#### Brief descriptive captions

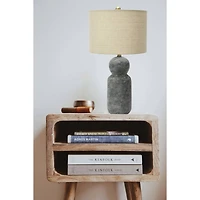 Hello Honey® 26.5" Curvy Gray Stoneware Desk Lamp with Linen Drum Shade
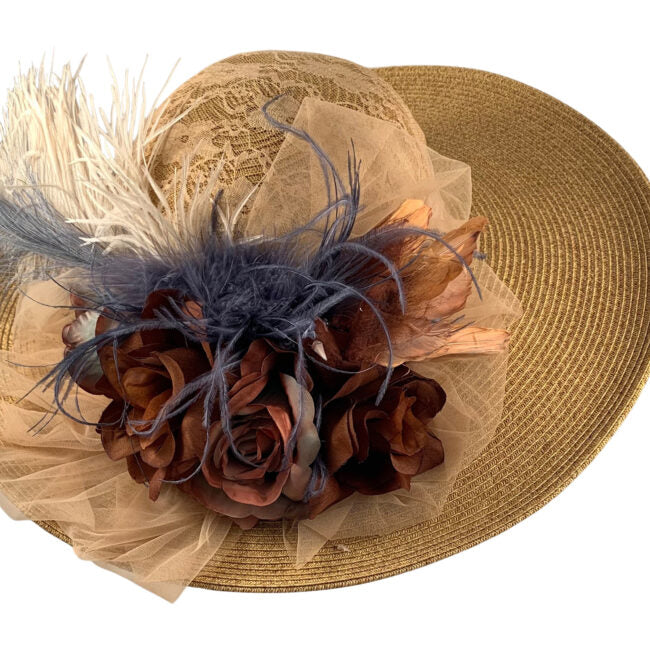 Large Brim Edwardian Hat Antique Lace Crown and French Blue and Brown Roses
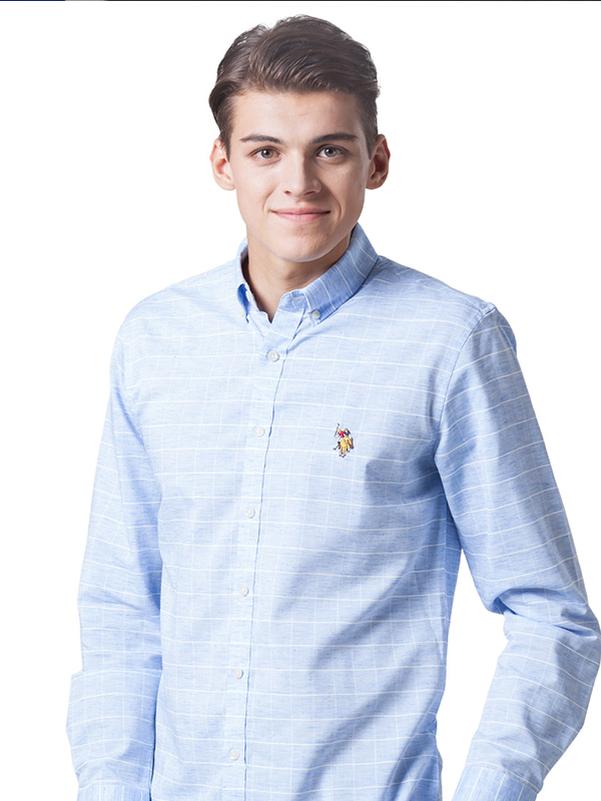 U.S. POLO ASSN.男士长袖衬衫春秋新品修身青年时尚休闲格子衬衣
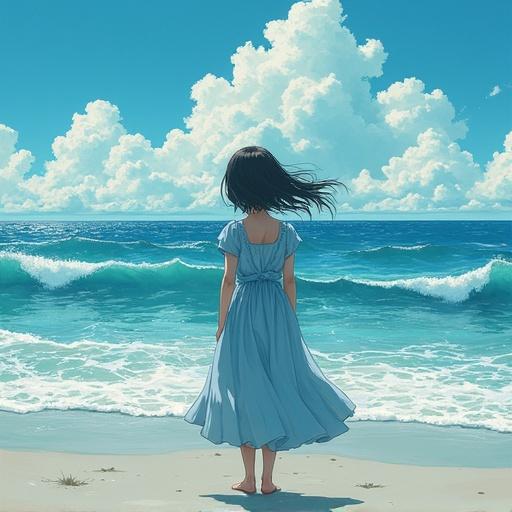 Girl standing on the seashore in a blue dress. Background features ocean and clouds. Emphasis on a dreamy atmosphere.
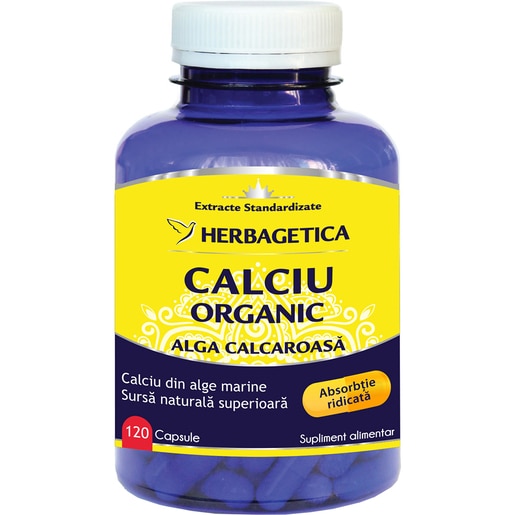 Supliment alimentar Calciu Organic, 120 capsule, HERBAGETICA Supliment alimentar Calciu Organic, 120 capsule, HERBAGETICA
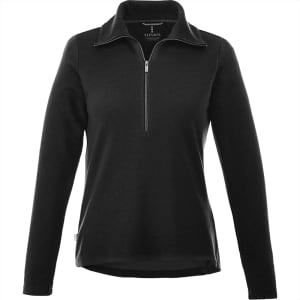 A black women's knitted jumper featuring a half-zip design and a collar. It has a subtle logo detail.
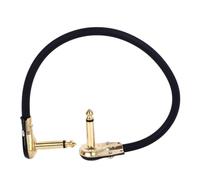 Cavo a pedale dell'effetto chitarra elettrica, cavo patch di chitarra, accessori per strumenti di alimentazione a patch piatti per miscelatore, bassi elettrici (Testa piatta oro 30 cm)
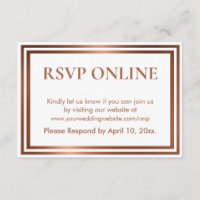 RSVP Online Simple Elegant Copper on White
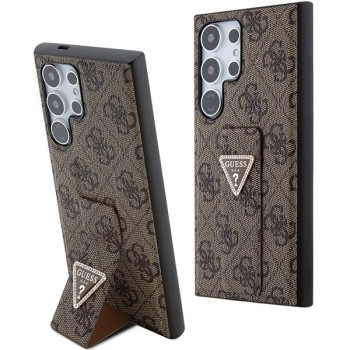 Guess Grip Stand 4G Triangle Strass Case for Samsung Galaxy S24 Ultra - Brown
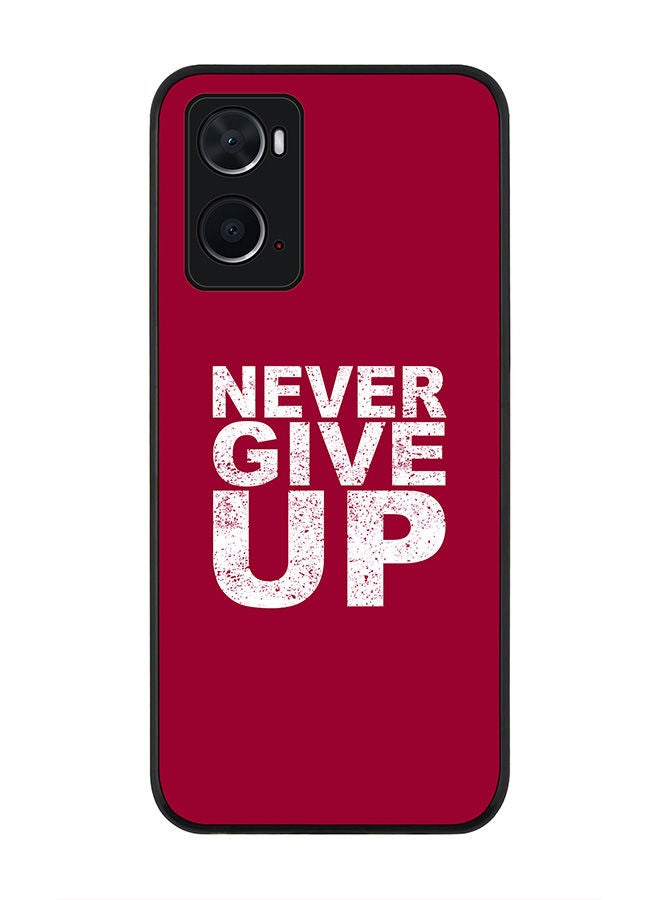 Stylizedd Rugged Black edge case for Oppo A96 4G/A36/A76 Slim fit Soft Case Flexible Rubber Edges Anti Drop TPU Gel Thin Cover - Never ever give up - Image 1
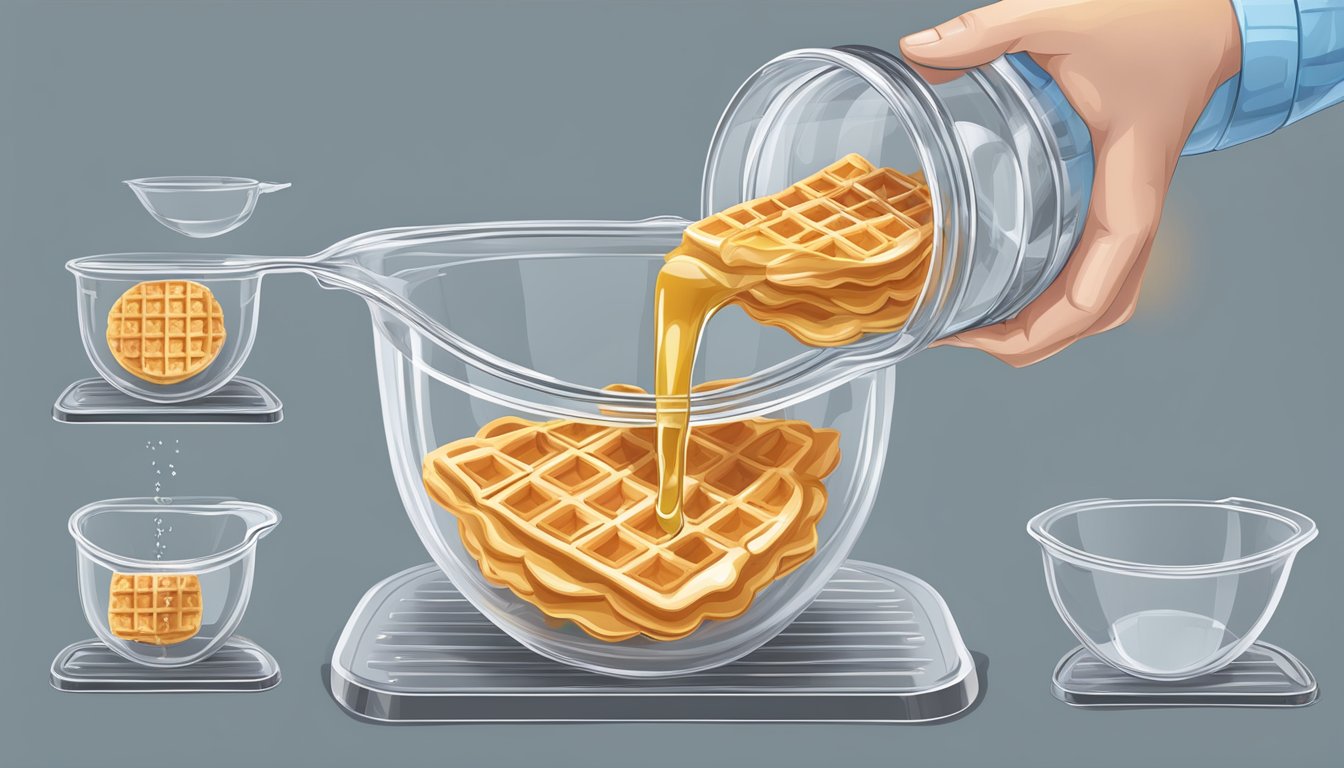 A measuring cup pouring liquid onto a waffle, with precise lines and measurements shown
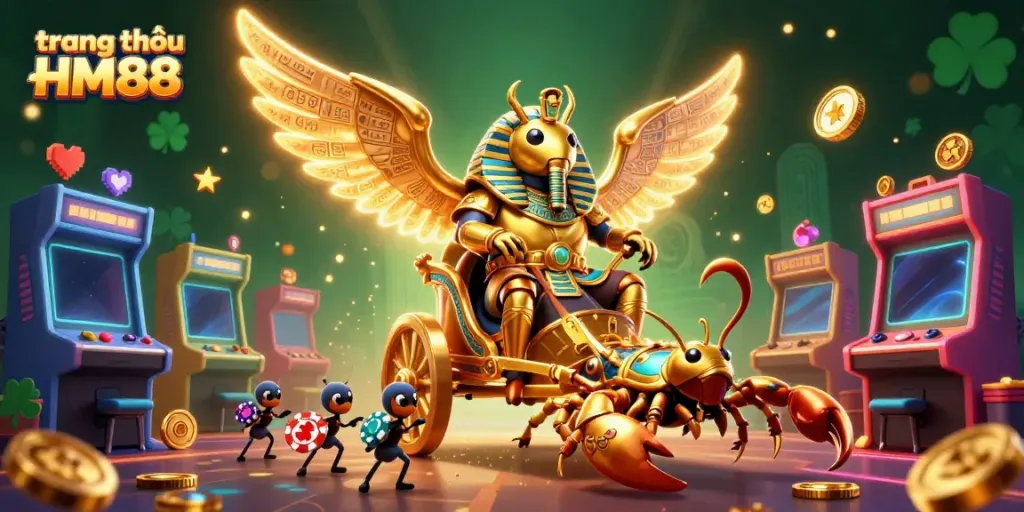 Engage with the vibrant casino scene at trang chủ HM88 featuring golden scarab beetle and scorpion chariot.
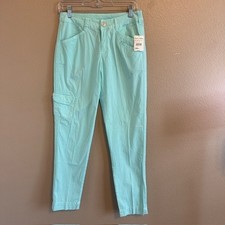 NWT Fresh Produce Women's Aqua Seaglass Safari Ankle Cotton Stretch Pant XS 89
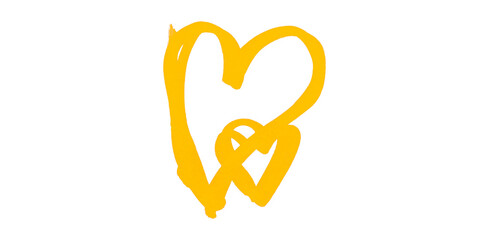 A yellow heart drawn in ink sits on a transparent background.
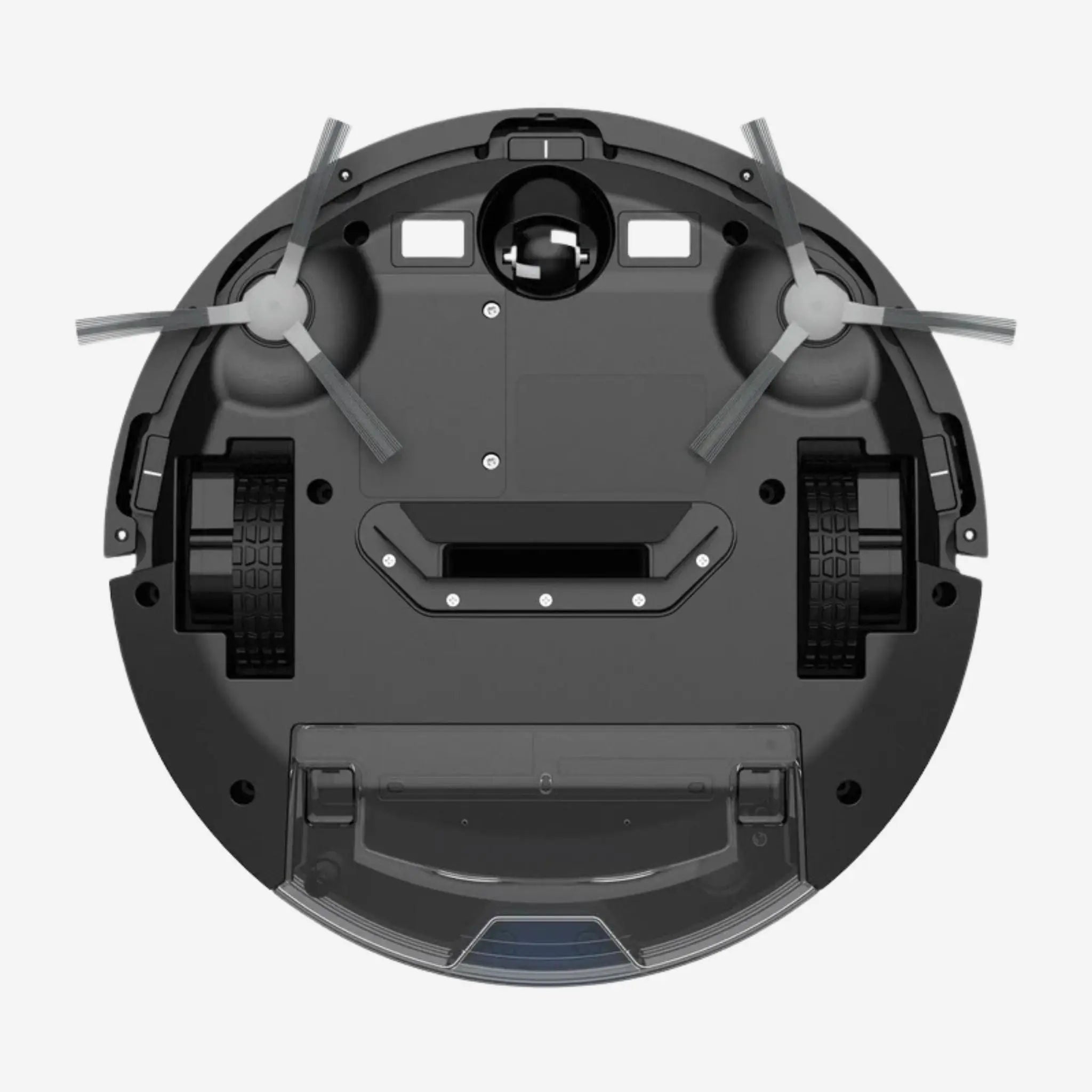 Robotdammsugare N7S-U undersida med drivhjul, sidoborstar och sugöppning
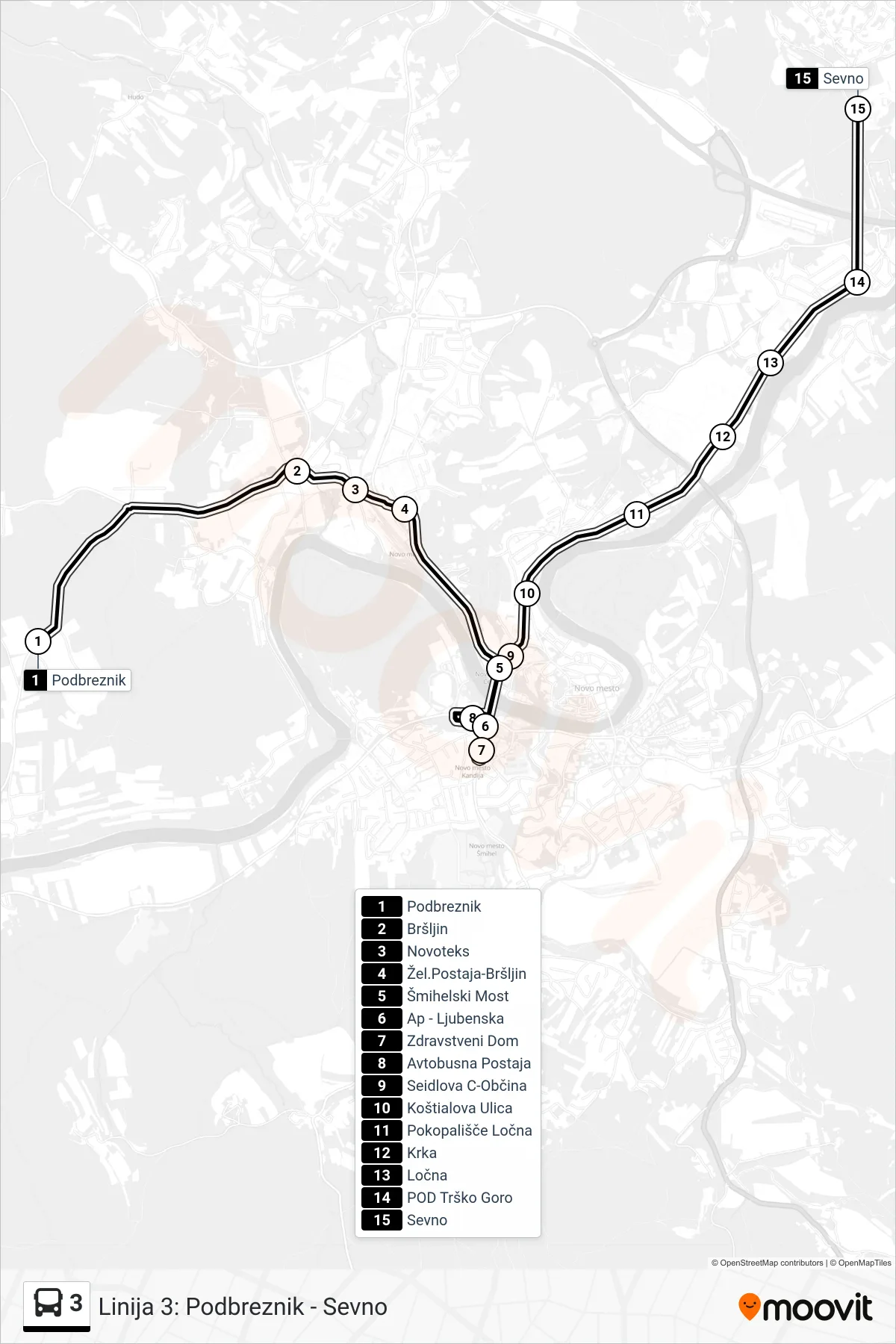 3 bus Line (Podbreznik - Zdr. Dom - (Ap) - Sevno) route and stops on a map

#### Exercise requirements
Print exactly the lines from the first line of the records above through the line containing "capsule, HERBAGETICA Supliment", leaving out the pictures.

#### Output of the exercise
 Hello Honey® 26.5" Curvy Gray Stoneware Desk Lamp with Linen Drum Shade
 Large Brim Edwardian Hat Antique Lace Crown and French Blue and Brown Roses
 U.S. POLO ASSN.男士长袖衬衫春秋新品修身青年时尚休闲格子衬衣
 Girl standing on the seashore in a blue dress. Background features ocean and clouds. Emphasis on a dreamy atmosphere.
 Supliment alimentar Calciu Organic, 120 capsule, HERBAGETICA Supliment alimentar Calciu Organic, 120 capsule, HERBAGETICA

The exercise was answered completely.